You don't need to define the TokioSpawner -- opentelemetry-stackdriver provides it, gated by an optional feature.

Did you already try my hint about enabling logging? You'll want to set the tracing-subscriber features to default-features = false to make sure it doesn't catch logging stuff.
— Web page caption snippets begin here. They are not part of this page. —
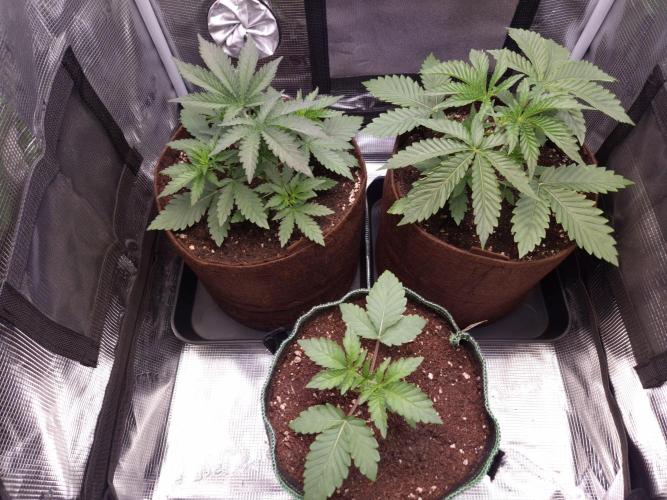 • Deepwater Cherry •. Week 3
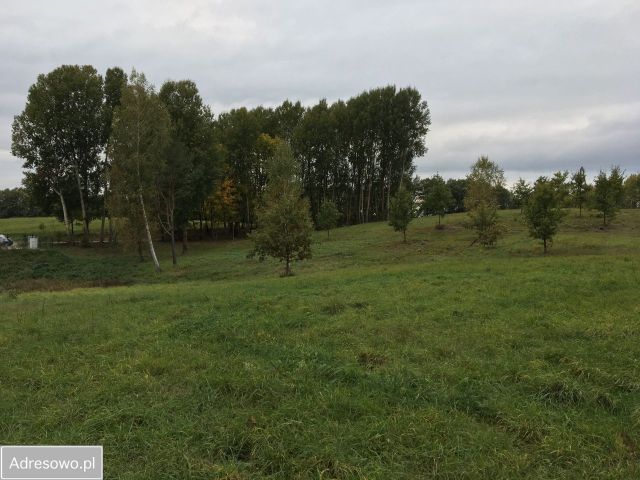 Działka budowlana Zawada. Zdjęcie 1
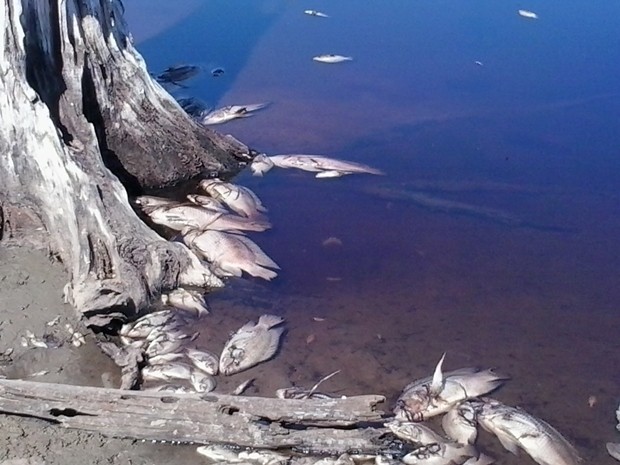 G1 Dezenas de peixes são encontrados mortos em represa de Rubinéia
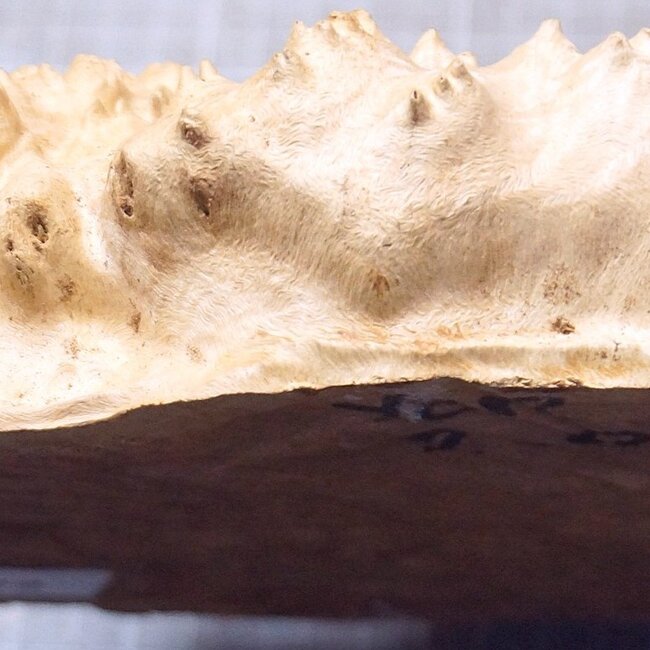 Goldfield Maser Knolle, ca. 230 x 160 x 65mm, 1,3kg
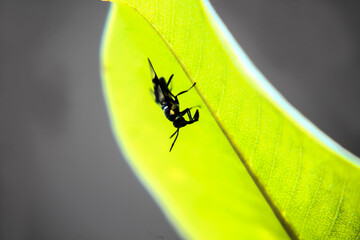 black insect on the plant leaves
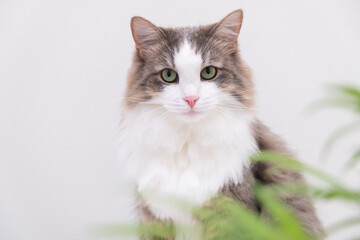 Gray cat on a white background eats a green flower in a pot. Plants and pets at home.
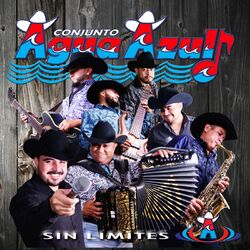 Cover of Sin Limites
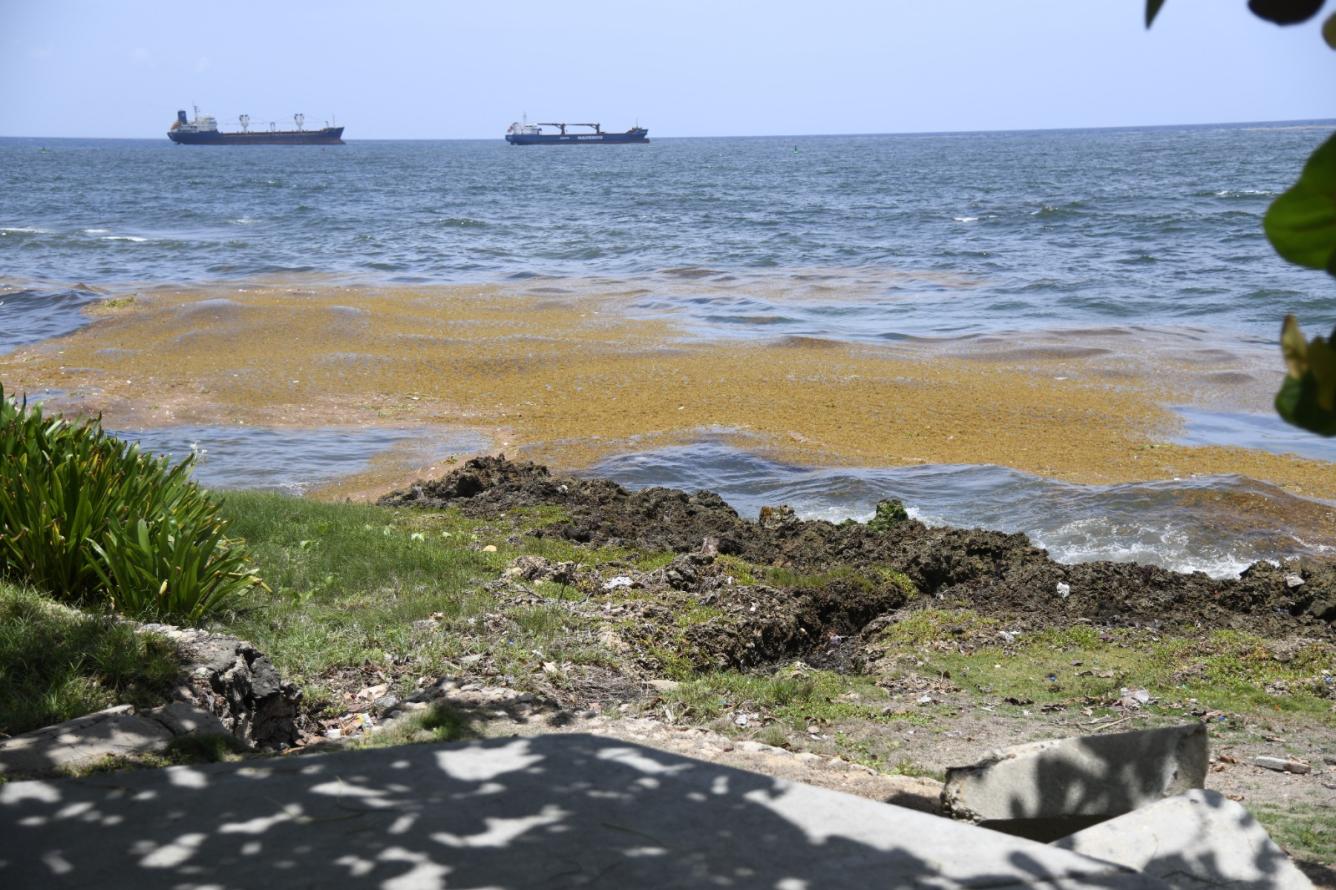 A las costas del país llegan dos especies de sargazo: natans y fluitans, que contienen nutrientes como fosforo. Malecón de Santo Domingo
You'll also need to give the associated service account permissions to write traces. Anyway, I've been testing opentelementry-stackdriver myself for the past week or so, and I can definitely get it to work.

Current test setup:

    env_logger::init();
    let authorizer = GcpAuthorizer::new().await.unwrap();
    let spawner = TokioSpawner::new(Handle::current());
    let exporter = StackDriverExporter::connect(authorizer, &spawner, None, None)
        .await
        .unwrap();
    let provider = TracerProvider::builder()
        .with_batch_exporter(exporter.clone(), Tokio)
        .with_config(Config {
            sampler: Box::new(Sampler::TraceIdRatioBased(1.0)),
            ..Default::default()
        })
        .build();

    tracing_subscriber::registry()
        .with(tracing_opentelemetry::layer().with_tracer(provider.tracer("tracing", None)))
        .try_init()
        .unwrap();

djc avatar Jan 19 '22 08:01 djc

There is no errors printed. It just prints bunch of zeros without any other information. The service account I am using have admin access to the trace api.

dvtkrlbs avatar Jan 19 '22 15:01 dvtkrlbs

Well, I'm confident the code above works, because I've recently tested it. If it doesn't work, I suspect it's something about your environment. You could clone this project, change opentelemetry-stackdriver's dependency on opentelemetry to skip the path dependency (and fix up the occurrences of to_bytes() -> to_byte_array()), then add some dbg/println statements to see what's going on.

djc avatar Jan 19 '22 15:01 djc

Hi!

Is there any documentation/example on how to use the most recent version of this library? The above code snippets seem to be a bit outdated with the most recent code not having a TokioSpawner and the introduction of a builder that returns a tuple containing a future :)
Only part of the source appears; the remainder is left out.